First off i entered Advanced CPU Feature:
CPU Clock Ratio = [20x]
CPU Frequency = 4.00GHz(200x20)
Intel Turbo Boost Tech. = [Disabled]
CPU Cores Enabled = [All]
CPU Multi-Threading = [Disabled] (this was cause it pushed my temps over 85c and some of the apps i use don't support mulithreading)
CPU Enhanced Halt (C1E) = [Disabled]
C3/C6/C7 State Support = [Disabled]
CPU Thermal Monitor = [Enabled]
CPU EIST Function = [Disabled]
Virtualization Technology = [Disabled]
Bi-Directional PROCHOT = [Enabled]

UnCore & QPI Features:
QPI Link Speed = [x36]
QPI Link Speed = 7.2GHz
Uncore  Frequency = [x16]
Uncore Frequency(MHz) = 3200
Isochronous Support = [Enabled]

Advanced Clock Control:
>>>>>  Sandard Clock Control
Base Clock(BCLK) Control = [Enabled]
BCLK Frequency (Mhz) = [200]
PCI Express Frequency (Mhz) [100]
C.I.A. 2 = [Disabled]
>>>>>  Advanced Clock Control
CPU Clock Drive = [700mV]
PCI Express Clock Drive = [700mV]
CPU Clock Skew = [0ps]
MCH Clock Skew = [0ps]

Advanced DRAM Features:
Performance Enhance = [Standard]
Extreme Memory Profile (X.M.P.) = [Disabled]
System Memory Multiplier (SPD) = [8.0]
Memory Frequency (Mhz) 1066 = 1600
DRAM Timing Selectable (SPD) = [Quick]
Profile DDR Voltage = 1.5V
Profile QPI Voltage = 1.175V

and the only thing i modified here was the Channel A timings that get replacated to channel B & C because of the Quick setting:
CAS Latency Time = [9]
tRCD = [9]
tRP = [9]
tRAS = [24]
Command Rate (CMD) = [2]

Advanced Voltage Control:
The only volts i modified was,
>>> CPU
Load-Line Calibration = [Disabled]
CPU Vcore 1.12500V = [1.45v]
QPI/Vtt Voltage 1.200V = [1.515v]
>>> DRAM
DRAM Voltage 1.500V [1.56v]

All the rest are [Auto]

I am not sure if this is the most efficient way to hit 4.0GHz but it works, 
i have only ran Prime95 for 2 hours with no problems... will run it overnight soon to make sure all is ok.
The high temp (80-85c) is all i am worried about but when playing BF3 its only around 60-65c so i am happy with that.

Peace 
Dave


----------



## brandonwh64 (Dec 22, 2011)

Try 21x191 with LLC enabled. vcore 1.3V VTT 1.25V

Sometimes higher voltages hurt the OCing process.


----------



## Duekay (Dec 22, 2011)

brandonwh64 said:


> Try 21x191 with LLC enabled. vcore 1.3V VTT 1.25V
> 
> Sometimes higher voltages hurt the OCing process.
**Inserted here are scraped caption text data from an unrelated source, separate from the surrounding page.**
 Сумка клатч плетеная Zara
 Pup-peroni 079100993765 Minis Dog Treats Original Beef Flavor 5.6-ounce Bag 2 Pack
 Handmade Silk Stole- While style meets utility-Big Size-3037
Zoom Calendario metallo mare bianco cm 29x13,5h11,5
Cool will do, whats LLC stand for? would it be best to have my ram running at x8 so i get 1528MHz?

Cheers


----------



## Duekay (Dec 22, 2011)

brandonwh64 said:


> Try 21x191 with LLC enabled. vcore 1.3V VTT 1.25V
> 
> Sometimes higher voltages hurt the OCing process.
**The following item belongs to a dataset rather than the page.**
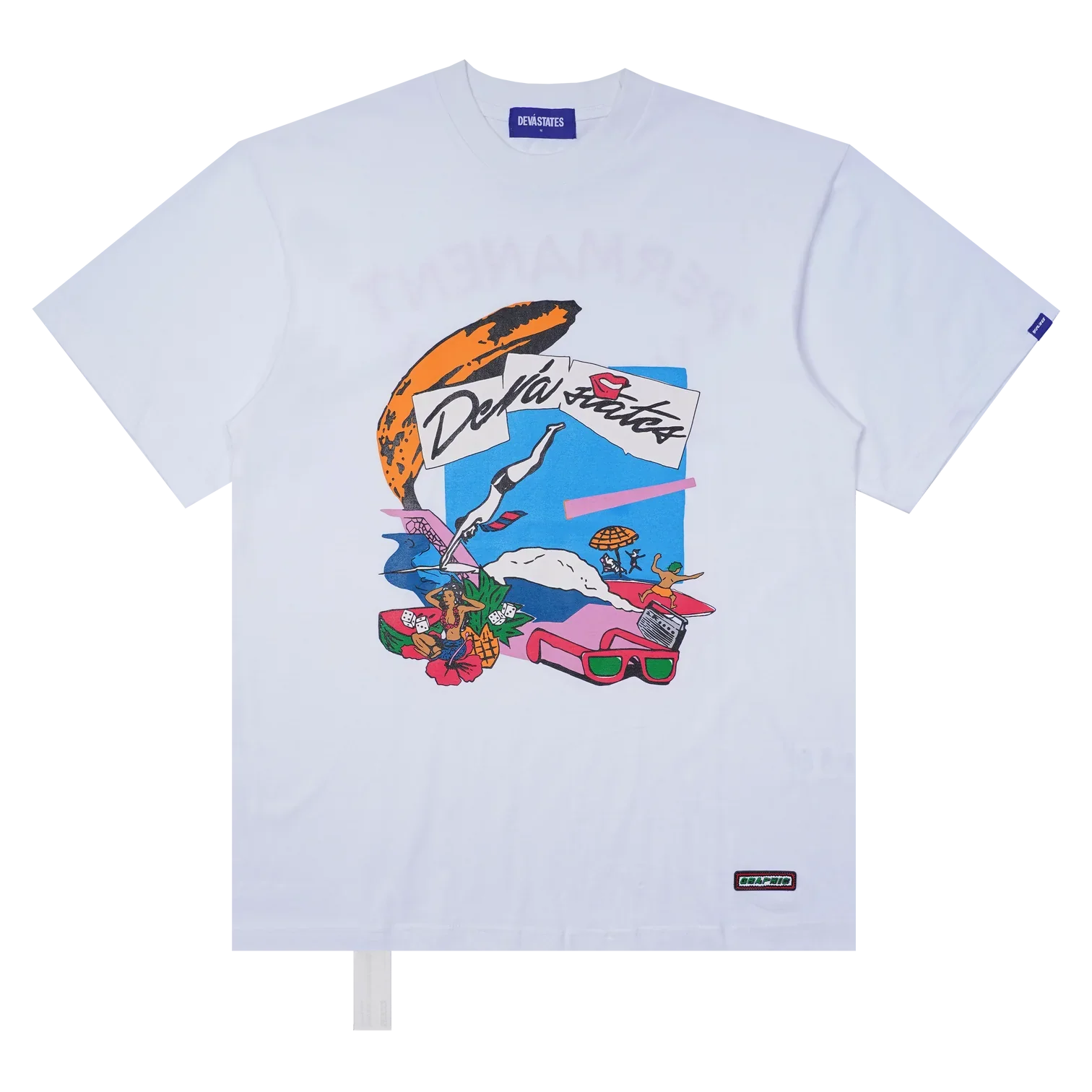 DEVÃ STATES - AWOL T-Shirt - (White)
I tried this with a vcore of about 1.35 in the bios (1.31 CPUz) with LLC and 21x191 and work fine (only tested 5min in prime).
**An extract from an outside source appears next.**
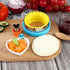 Sandwich Cutter and Sealer,Round Heart Star 3Pcs Shapes Sandwich Decruster Press Mold+8pcs Stainless Steel Mini Vegetable Cookie Cutters,Bread San...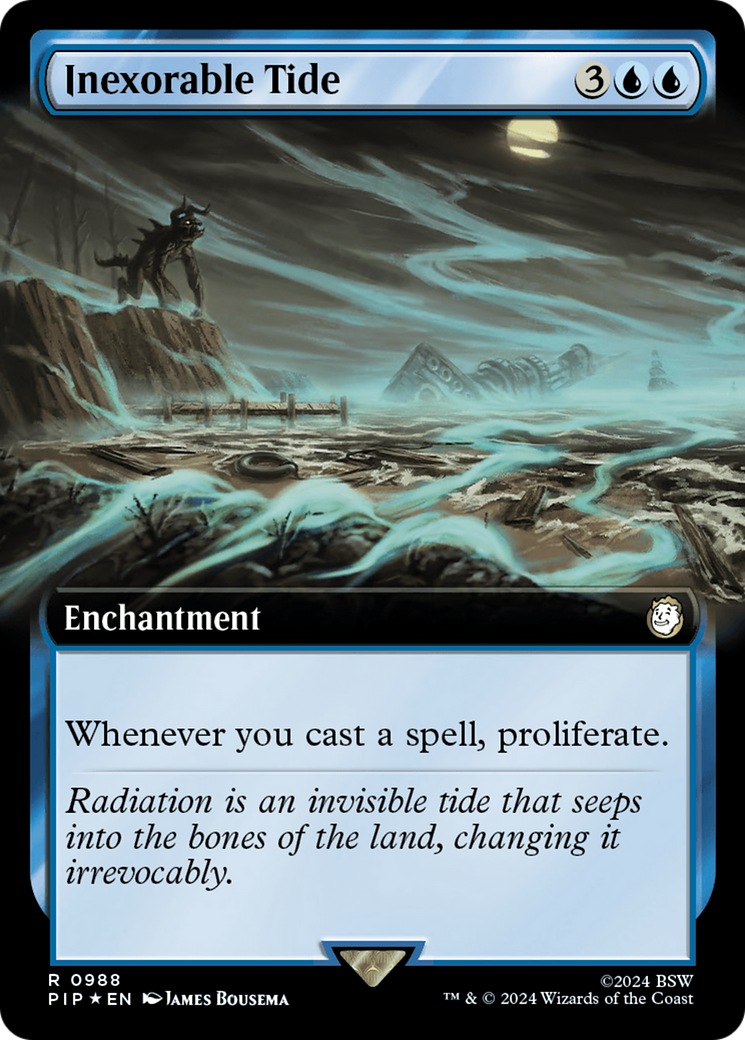 Inexorable Tide (Extended Art) (Surge Foil) [Fallout] | Cracking-Singles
So i went back to my 20x200 profile and turned on LLC dropped the volts down to 1.4v in bios (1.37v in cpuz) with a VTT of 1.3v and so far so good with temps of 78c max lots more room to move rather than my 85c before, will run prime for an hour or two then try getting 4.2GHz with a 21x200 and see if i don't need to extend the volts any more 

Then ill be happy for another 12 months till Ivy bridge hits the streets on LGA2011... i would feel much happier knowing i got 12 extra months out of this rig  + gigabyte will probably release a revision of the x79 UD5 board by then to like they did with x58 UD5.... and if im really lucky Intel may have released a usb3.0 supported chipset lol not going to hold my breath on that one.


----------